§ **Task directions**:
Reprint the entries without altering anything.

+ + +

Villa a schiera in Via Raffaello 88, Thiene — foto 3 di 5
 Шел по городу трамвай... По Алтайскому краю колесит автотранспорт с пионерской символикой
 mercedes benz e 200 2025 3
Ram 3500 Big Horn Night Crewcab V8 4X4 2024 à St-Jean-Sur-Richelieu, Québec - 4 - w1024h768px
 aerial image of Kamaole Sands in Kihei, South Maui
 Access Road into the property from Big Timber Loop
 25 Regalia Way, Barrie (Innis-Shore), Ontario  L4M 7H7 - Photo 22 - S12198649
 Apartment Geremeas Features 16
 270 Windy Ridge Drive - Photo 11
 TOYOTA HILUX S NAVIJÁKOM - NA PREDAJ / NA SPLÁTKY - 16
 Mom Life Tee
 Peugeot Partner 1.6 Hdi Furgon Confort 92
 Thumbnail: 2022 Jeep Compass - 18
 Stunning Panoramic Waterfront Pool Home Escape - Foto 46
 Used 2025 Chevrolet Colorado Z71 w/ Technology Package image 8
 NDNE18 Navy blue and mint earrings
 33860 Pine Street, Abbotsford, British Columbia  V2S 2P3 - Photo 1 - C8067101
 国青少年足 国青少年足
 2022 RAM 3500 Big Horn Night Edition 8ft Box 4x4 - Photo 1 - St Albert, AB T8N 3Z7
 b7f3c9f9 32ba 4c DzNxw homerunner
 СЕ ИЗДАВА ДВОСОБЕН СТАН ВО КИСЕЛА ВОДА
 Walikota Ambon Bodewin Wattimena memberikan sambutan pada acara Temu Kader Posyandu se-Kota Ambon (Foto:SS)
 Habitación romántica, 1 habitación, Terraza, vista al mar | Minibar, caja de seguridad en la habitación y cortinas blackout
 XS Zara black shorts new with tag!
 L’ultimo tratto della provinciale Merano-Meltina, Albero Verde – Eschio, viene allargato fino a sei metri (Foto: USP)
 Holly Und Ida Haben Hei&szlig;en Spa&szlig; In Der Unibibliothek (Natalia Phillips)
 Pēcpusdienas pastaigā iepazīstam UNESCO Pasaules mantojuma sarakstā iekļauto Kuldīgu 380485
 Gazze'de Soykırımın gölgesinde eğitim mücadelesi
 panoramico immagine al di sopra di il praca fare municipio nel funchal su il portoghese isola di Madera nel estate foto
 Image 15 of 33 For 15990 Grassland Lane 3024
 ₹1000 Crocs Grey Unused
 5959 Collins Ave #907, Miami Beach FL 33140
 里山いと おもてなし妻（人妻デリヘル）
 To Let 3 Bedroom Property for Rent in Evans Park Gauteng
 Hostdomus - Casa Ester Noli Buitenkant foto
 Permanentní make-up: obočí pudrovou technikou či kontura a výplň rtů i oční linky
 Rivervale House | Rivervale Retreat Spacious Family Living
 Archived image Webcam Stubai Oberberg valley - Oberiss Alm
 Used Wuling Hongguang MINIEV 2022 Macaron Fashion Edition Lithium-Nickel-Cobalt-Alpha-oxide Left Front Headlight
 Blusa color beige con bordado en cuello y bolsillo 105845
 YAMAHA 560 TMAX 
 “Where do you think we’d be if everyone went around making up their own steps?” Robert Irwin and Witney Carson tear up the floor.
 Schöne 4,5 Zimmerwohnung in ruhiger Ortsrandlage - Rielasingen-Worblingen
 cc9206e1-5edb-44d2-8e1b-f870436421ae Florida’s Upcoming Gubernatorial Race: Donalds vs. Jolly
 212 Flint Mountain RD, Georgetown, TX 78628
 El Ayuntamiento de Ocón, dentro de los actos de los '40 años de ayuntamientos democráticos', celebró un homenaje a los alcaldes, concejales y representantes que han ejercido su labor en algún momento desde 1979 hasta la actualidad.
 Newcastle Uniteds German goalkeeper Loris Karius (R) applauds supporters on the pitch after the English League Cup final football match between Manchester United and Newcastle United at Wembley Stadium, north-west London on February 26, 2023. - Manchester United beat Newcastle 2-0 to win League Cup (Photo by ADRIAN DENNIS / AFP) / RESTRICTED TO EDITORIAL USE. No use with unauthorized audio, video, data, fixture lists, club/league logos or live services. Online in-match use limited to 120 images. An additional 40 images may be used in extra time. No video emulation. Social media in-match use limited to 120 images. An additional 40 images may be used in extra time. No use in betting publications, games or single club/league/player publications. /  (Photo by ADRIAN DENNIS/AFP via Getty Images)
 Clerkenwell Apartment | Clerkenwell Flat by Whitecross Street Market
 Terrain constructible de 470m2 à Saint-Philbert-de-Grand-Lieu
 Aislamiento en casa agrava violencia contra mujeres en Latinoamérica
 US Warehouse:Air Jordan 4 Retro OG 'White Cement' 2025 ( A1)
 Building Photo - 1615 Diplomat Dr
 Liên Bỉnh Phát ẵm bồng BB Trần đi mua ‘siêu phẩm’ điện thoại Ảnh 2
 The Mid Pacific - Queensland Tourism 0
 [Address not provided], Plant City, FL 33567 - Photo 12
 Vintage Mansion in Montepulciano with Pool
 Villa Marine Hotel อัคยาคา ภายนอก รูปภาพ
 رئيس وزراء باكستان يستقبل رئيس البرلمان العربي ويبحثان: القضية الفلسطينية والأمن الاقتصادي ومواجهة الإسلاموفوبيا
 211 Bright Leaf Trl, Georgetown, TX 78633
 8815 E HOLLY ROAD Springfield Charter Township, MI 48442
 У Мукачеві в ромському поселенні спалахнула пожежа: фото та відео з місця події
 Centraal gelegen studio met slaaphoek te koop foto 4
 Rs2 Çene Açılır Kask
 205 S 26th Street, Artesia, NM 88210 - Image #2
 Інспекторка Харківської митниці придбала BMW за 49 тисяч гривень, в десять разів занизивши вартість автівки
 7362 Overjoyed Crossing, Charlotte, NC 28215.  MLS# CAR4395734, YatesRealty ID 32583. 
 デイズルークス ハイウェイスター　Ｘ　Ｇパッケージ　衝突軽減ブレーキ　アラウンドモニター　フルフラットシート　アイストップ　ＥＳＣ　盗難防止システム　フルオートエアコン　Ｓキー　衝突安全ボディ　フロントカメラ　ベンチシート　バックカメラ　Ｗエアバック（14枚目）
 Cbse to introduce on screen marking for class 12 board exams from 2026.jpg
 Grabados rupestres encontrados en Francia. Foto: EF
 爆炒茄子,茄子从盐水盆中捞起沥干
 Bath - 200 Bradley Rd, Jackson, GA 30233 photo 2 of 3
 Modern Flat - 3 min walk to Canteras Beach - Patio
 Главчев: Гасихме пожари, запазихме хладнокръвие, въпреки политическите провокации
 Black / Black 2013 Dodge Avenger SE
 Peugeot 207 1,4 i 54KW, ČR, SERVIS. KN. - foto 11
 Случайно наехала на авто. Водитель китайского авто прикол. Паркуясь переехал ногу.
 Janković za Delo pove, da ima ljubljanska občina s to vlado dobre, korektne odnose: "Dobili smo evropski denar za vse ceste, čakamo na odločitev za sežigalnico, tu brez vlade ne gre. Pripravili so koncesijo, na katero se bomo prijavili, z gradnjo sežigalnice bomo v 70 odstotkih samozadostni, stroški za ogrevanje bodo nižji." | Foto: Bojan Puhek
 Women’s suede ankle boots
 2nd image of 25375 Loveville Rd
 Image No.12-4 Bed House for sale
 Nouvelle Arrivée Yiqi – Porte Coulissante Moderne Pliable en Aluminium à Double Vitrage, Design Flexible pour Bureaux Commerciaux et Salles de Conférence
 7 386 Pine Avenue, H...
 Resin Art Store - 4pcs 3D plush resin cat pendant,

+ + +

§ **Output of the task**:
Villa a schiera in Via Raffaello 88, Thiene — foto 3 di 5
 Шел по городу трамвай... По Алтайскому краю колесит автотранспорт с пионерской символикой
 mercedes benz e 200 2025 3
Ram 3500 Big Horn Night Crewcab V8 4X4 2024 à St-Jean-Sur-Richelieu, Québec - 4 - w1024h768px
 aerial image of Kamaole Sands in Kihei, South Maui
 Access Road into the property from Big Timber Loop
 25 Regalia Way, Barrie (Innis-Shore), Ontario  L4M 7H7 - Photo 22 - S12198649
 Apartment Geremeas Features 16
 270 Windy Ridge Drive - Photo 11
 TOYOTA HILUX S NAVIJÁKOM - NA PREDAJ / NA SPLÁTKY - 16
 Mom Life Tee
 Peugeot Partner 1.6 Hdi Furgon Confort 92
 Thumbnail: 2022 Jeep Compass - 18
 Stunning Panoramic Waterfront Pool Home Escape - Foto 46
 Used 2025 Chevrolet Colorado Z71 w/ Technology Package image 8
 NDNE18 Navy blue and mint earrings
 33860 Pine Street, Abbotsford, British Columbia  V2S 2P3 - Photo 1 - C8067101
 国青少年足 国青少年足
 2022 RAM 3500 Big Horn Night Edition 8ft Box 4x4 - Photo 1 - St Albert, AB T8N 3Z7
 b7f3c9f9 32ba 4c DzNxw homerunner
 СЕ ИЗДАВА ДВОСОБЕН СТАН ВО КИСЕЛА ВОДА
 Walikota Ambon Bodewin Wattimena memberikan sambutan pada acara Temu Kader Posyandu se-Kota Ambon (Foto:SS)
 Habitación romántica, 1 habitación, Terraza, vista al mar | Minibar, caja de seguridad en la habitación y cortinas blackout
 XS Zara black shorts new with tag!
 L’ultimo tratto della provinciale Merano-Meltina, Albero Verde – Eschio, viene allargato fino a sei metri (Foto: USP)
 Holly Und Ida Haben Hei&szlig;en Spa&szlig; In Der Unibibliothek (Natalia Phillips)
 Pēcpusdienas pastaigā iepazīstam UNESCO Pasaules mantojuma sarakstā iekļauto Kuldīgu 380485
 Gazze'de Soykırımın gölgesinde eğitim mücadelesi
 panoramico immagine al di sopra di il praca fare municipio nel funchal su il portoghese isola di Madera nel estate foto
 Image 15 of 33 For 15990 Grassland Lane 3024
 ₹1000 Crocs Grey Unused
 5959 Collins Ave #907, Miami Beach FL 33140
 里山いと おもてなし妻（人妻デリヘル）
 To Let 3 Bedroom Property for Rent in Evans Park Gauteng
 Hostdomus - Casa Ester Noli Buitenkant foto
 Permanentní make-up: obočí pudrovou technikou či kontura a výplň rtů i oční linky
 Rivervale House | Rivervale Retreat Spacious Family Living
 Archived image Webcam Stubai Oberberg valley - Oberiss Alm
 Used Wuling Hongguang MINIEV 2022 Macaron Fashion Edition Lithium-Nickel-Cobalt-Alpha-oxide Left Front Headlight
 Blusa color beige con bordado en cuello y bolsillo 105845
 YAMAHA 560 TMAX 
 “Where do you think we’d be if everyone went around making up their own steps?” Robert Irwin and Witney Carson tear up the floor.
 Schöne 4,5 Zimmerwohnung in ruhiger Ortsrandlage - Rielasingen-Worblingen
 cc9206e1-5edb-44d2-8e1b-f870436421ae Florida’s Upcoming Gubernatorial Race: Donalds vs. Jolly
 212 Flint Mountain RD, Georgetown, TX 78628
 El Ayuntamiento de Ocón, dentro de los actos de los '40 años de ayuntamientos democráticos', celebró un homenaje a los alcaldes, concejales y representantes que han ejercido su labor en algún momento desde 1979 hasta la actualidad.
 Newcastle Uniteds German goalkeeper Loris Karius (R) applauds supporters on the pitch after the English League Cup final football match between Manchester United and Newcastle United at Wembley Stadium, north-west London on February 26, 2023. - Manchester United beat Newcastle 2-0 to win League Cup (Photo by ADRIAN DENNIS / AFP) / RESTRICTED TO EDITORIAL USE. No use with unauthorized audio, video, data, fixture lists, club/league logos or live services. Online in-match use limited to 120 images. An additional 40 images may be used in extra time. No video emulation. Social media in-match use limited to 120 images. An additional 40 images may be used in extra time. No use in betting publications, games or single club/league/player publications. /  (Photo by ADRIAN DENNIS/AFP via Getty Images)
 Clerkenwell Apartment | Clerkenwell Flat by Whitecross Street Market
 Terrain constructible de 470m2 à Saint-Philbert-de-Grand-Lieu
 Aislamiento en casa agrava violencia contra mujeres en Latinoamérica
 US Warehouse:Air Jordan 4 Retro OG 'White Cement' 2025 ( A1)
 Building Photo - 1615 Diplomat Dr
 Liên Bỉnh Phát ẵm bồng BB Trần đi mua ‘siêu phẩm’ điện thoại Ảnh 2
 The Mid Pacific - Queensland Tourism 0
 [Address not provided], Plant City, FL 33567 - Photo 12
 Vintage Mansion in Montepulciano with Pool
 Villa Marine Hotel อัคยาคา ภายนอก รูปภาพ
 رئيس وزراء باكستان يستقبل رئيس البرلمان العربي ويبحثان: القضية الفلسطينية والأمن الاقتصادي ومواجهة الإسلاموفوبيا
 211 Bright Leaf Trl, Georgetown, TX 78633
 8815 E HOLLY ROAD Springfield Charter Township, MI 48442
 У Мукачеві в ромському поселенні спалахнула пожежа: фото та відео з місця події
 Centraal gelegen studio met slaaphoek te koop foto 4
 Rs2 Çene Açılır Kask
 205 S 26th Street, Artesia, NM 88210 - Image #2
 Інспекторка Харківської митниці придбала BMW за 49 тисяч гривень, в десять разів занизивши вартість автівки
 7362 Overjoyed Crossing, Charlotte, NC 28215.  MLS# CAR4395734, YatesRealty ID 32583. 
 デイズルークス ハイウェイスター　Ｘ　Ｇパッケージ　衝突軽減ブレーキ　アラウンドモニター　フルフラットシート　アイストップ　ＥＳＣ　盗難防止システム　フルオートエアコン　Ｓキー　衝突安全ボディ　フロントカメラ　ベンチシート　バックカメラ　Ｗエアバック（14枚目）
 Cbse to introduce on screen marking for class 12 board exams from 2026.jpg
 Grabados rupestres encontrados en Francia. Foto: EF
 爆炒茄子,茄子从盐水盆中捞起沥干
 Bath - 200 Bradley Rd, Jackson, GA 30233 photo 2 of 3
 Modern Flat - 3 min walk to Canteras Beach - Patio
 Главчев: Гасихме пожари, запазихме хладнокръвие, въпреки политическите провокации
 Black / Black 2013 Dodge Avenger SE
 Peugeot 207 1,4 i 54KW, ČR, SERVIS. KN. - foto 11
 Случайно наехала на авто. Водитель китайского авто прикол. Паркуясь переехал ногу.
 Janković za Delo pove, da ima ljubljanska občina s to vlado dobre, korektne odnose: "Dobili smo evropski denar za vse ceste, čakamo na odločitev za sežigalnico, tu brez vlade ne gre. Pripravili so koncesijo, na katero se bomo prijavili, z gradnjo sežigalnice bomo v 70 odstotkih samozadostni, stroški za ogrevanje bodo nižji." | Foto: Bojan Puhek
 Women’s suede ankle boots
 2nd image of 25375 Loveville Rd
 Image No.12-4 Bed House for sale
 Nouvelle Arrivée Yiqi – Porte Coulissante Moderne Pliable en Aluminium à Double Vitrage, Design Flexible pour Bureaux Commerciaux et Salles de Conférence
 7 386 Pine Avenue, H...
 Resin Art Store - 4pcs 3D plush resin cat pendant,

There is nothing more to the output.